The crew – Neil Armstrong, mission commander, Michael Collins, command module pilot and Edwin ‘Buzz’ Aldrin, lunar module pilot – were embarking on a milestone in human history.

Just four days later, the lunar module, the Eagle, touched down. Watched on television by millions around the world, Neil Armstrong was the first to set foot on the Moon, famously saying, “That’s one small step for man, one giant leap for mankind.”

A few minutes later he was joined by Buzz Aldrin. They took photographs, planted the US flag, spoke to President Richard Nixon via radio transmission and spent a couple of hours walking and collecting dust and rocks. The two men returned to lunar module, slept that night on the surface of the moon, and then the Eagle began its ascent back to re-join the command module, which had been orbiting the Moon with Michael Collins. Apollo splashed back down safely in the Pacific Ocean on 24 July.

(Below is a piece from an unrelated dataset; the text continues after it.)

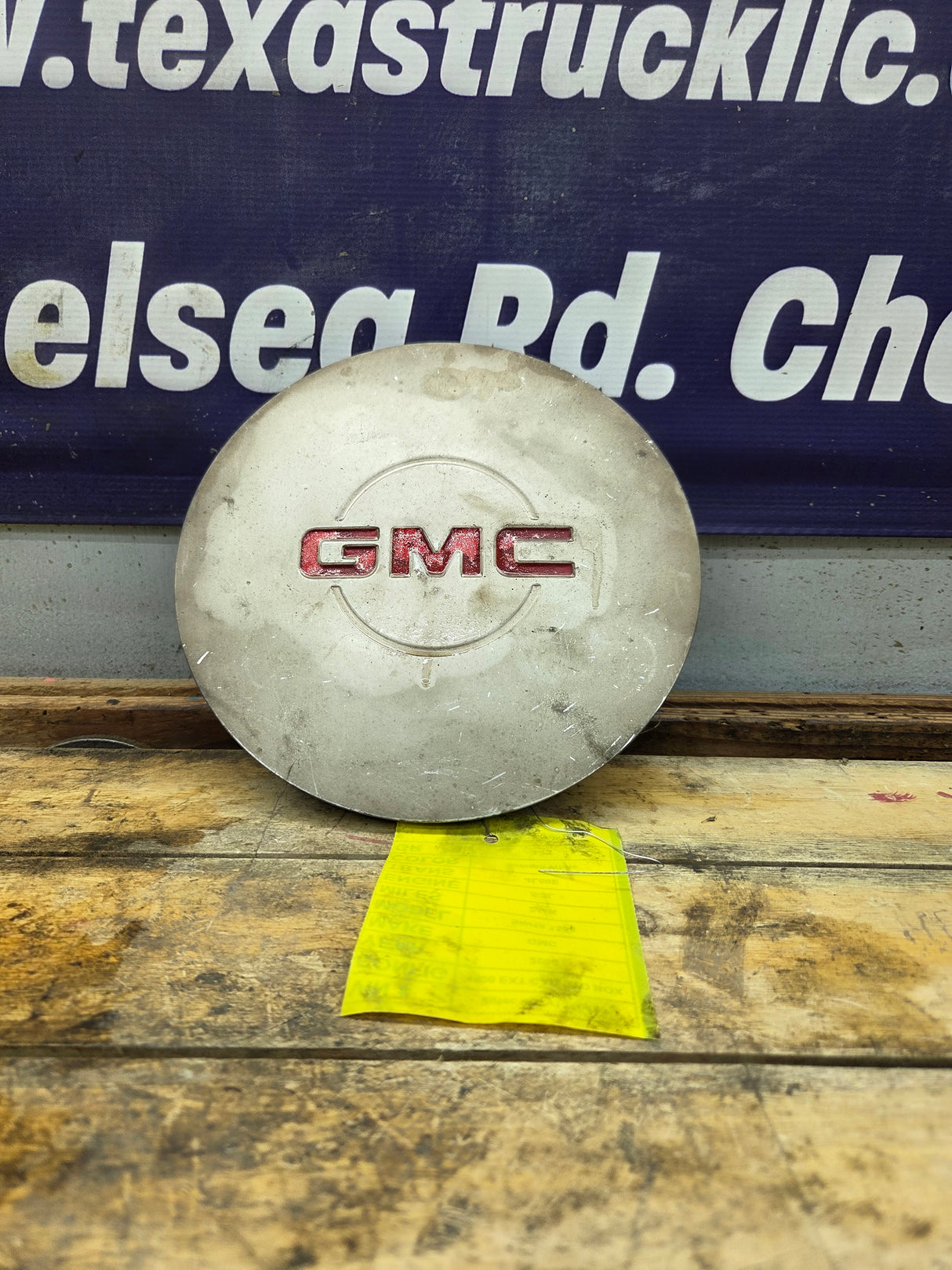 1999-2005 GMC Sierra Yukon Safari Center Cap Hub Cap 15040220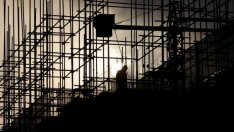 Строителната продукция продължава да гравитира около дъното от октомври 2016 г.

The Moon has again captured the attention of space agencies. ESA and international partners are now looking forward to the next era of human exploration, and to better understand the resources available on the Moon to support human missions longer-term. While Apollo 11 touched down for the first time on the near side of the Moon 50 years ago, it is time to explore the far side, examine different types of lunar rocks there to probe deeper into the Moon’s geological history and to find resources like water-ice that are thought to be locked up in permanently shadowed craters near the Moon’s south pole.